Das Rezept für ein perfektes Männerwochenende

Etwas Inspiration für dein nächstes Männer-Wochenende – wir kochten nach diesem Rezept unser Männer-Wochenende und kehrten danach zufrieden und gesättigt nach Hause zurück.

Die Zutaten

2 Tage Natur, Berge & Seen
6 Pässe
650 Kilometer Fahrspass
1 alpines Luxushotel
1 Essen beim Argentinier
1 Kaffeepause im Ticino
2 grosse Feierabendbier in Gstaad
… und eine nicht genannte Anzahl Flaschen feinsten Malbecs

1 | Getting started

Zu Beginn sollte man sanft und ruhig in den Tag starten. Zu viel Hektik am Morgen verdirbt das Gericht. Dazu geeignet: der Lukmanierpass. Die leicht geschwungenen Kurven und die Schönheit des wenig besiedelten Val Medels lösen morgendliche Glücksgefühle aus.

2 | Eine Prise Italianità hinzufügen

Nach dem Lukmanierpass zieht einen der Lago Maggiore magisch an. Der perfekte Ort für einen belebenden Espresso und eine Pause mit Sicht über den See bietet uns das Hotel Eden Roc in Ascona (eine bessere Lage gibts hier nicht – versprochen!)

3 | Den Ofen vorheizen

Die Tagestemperatur steigt. Die Sonne strahlt mit unserem Lächeln im Gesicht um die Wette. Die Motoren laufen heiss. Centovalli. Simplon. Rhonetal. Col du Pillon. Gstaad.

4 | Schälen und abkühlen

Raus aus den Motorradkleidern. Eine kühle Erfrischung wartet.

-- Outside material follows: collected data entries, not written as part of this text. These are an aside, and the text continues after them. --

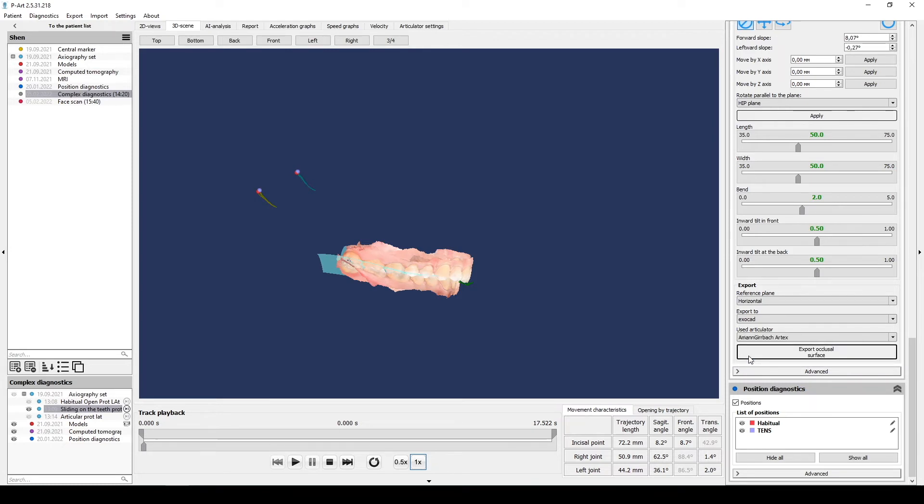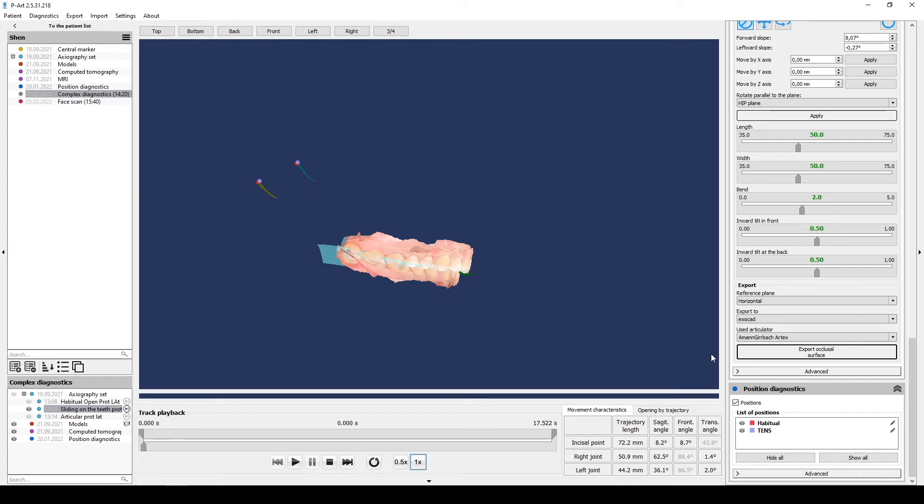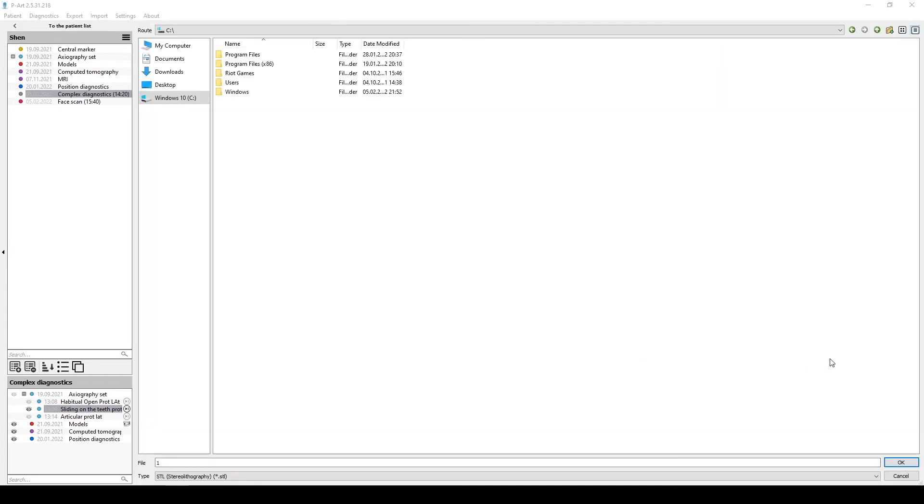All extra diagnostics which you export to ExoCAD must have the same reference plane with individual models. Click Export occlusal surface and select the location where you want to export it, name it like Occlusal surface. Occlusal surface has STL format.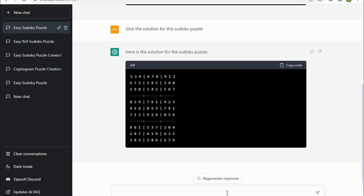Love to know in the comments, any suggestions for other types of puzzles that you'd like to see if ChatGPT can create, or maybe you've experimented yourself. Let us know how you found it.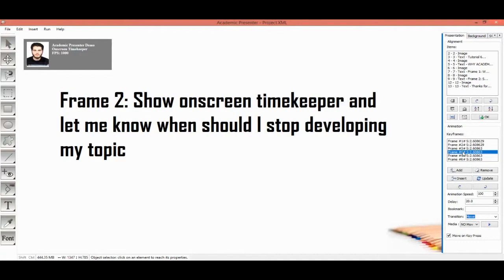Finally, in the fourth keyframe, we have a 20-second delay and we are asking the software to give us control to move to the next slide. In this case, Academic Presenter recognizes that you may want to see the watch by using the timekeeper, and we are expecting a three-phase timekeeper to be shown here.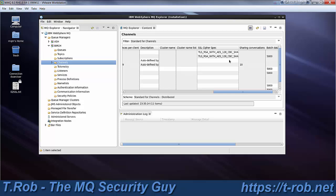And if you've got queue managers that are up and running without SSL, we can establish the SSL channels between them while the other channels are still working, and then turn the other channels off. So there's a very good migration path to go on a network that's already existing, that's not secured, to go to a fully secured SSL network.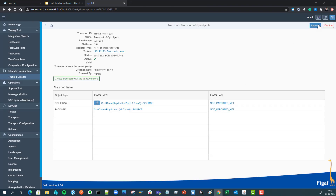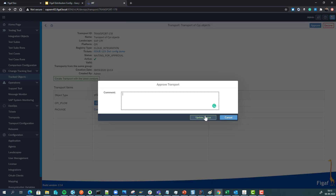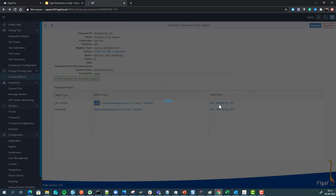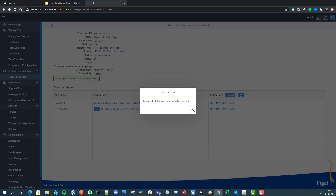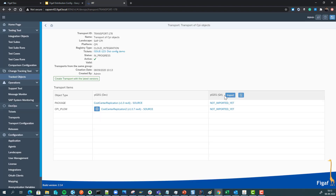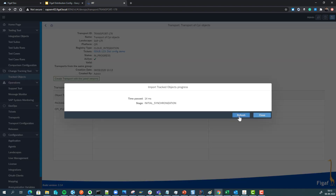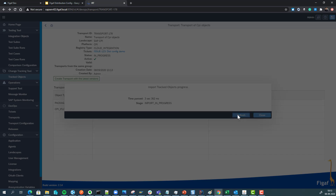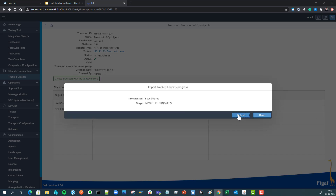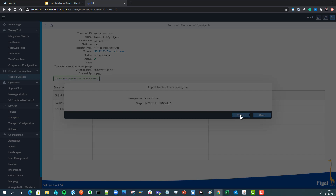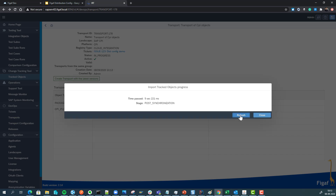We can then send it to approval. I'm also able to approve it here — otherwise it would need another approver. We can import this, and once it's imported it will then be possible to run these configurations.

5 | Das Fleisch bearbeiten

Ein veganes Männerwochenende. Gibt es sowas? Nicht für uns. Ein Grund weshalb wir für ein Motorrad-Wochenende das Park Gstaad empfehlen, ist das zum Hotel gehörende Restaurant Chubut. Agustin Brañas, der Chef des Hauses, reist jeweils für die Saisons aus seiner Heimat Argentinien an und tischt authentische, schnörkellose Gerichte von hoher Qualität auf. Ein Traum: die Ceviche zur Vorspeise. Und die Malbecs …

Danach noch eine Zigarre in der Lounge, dazu einen Vieille Prune, und ein Abend voller tiefgründiger Männergespräche findet (leider, leider) sein Ende.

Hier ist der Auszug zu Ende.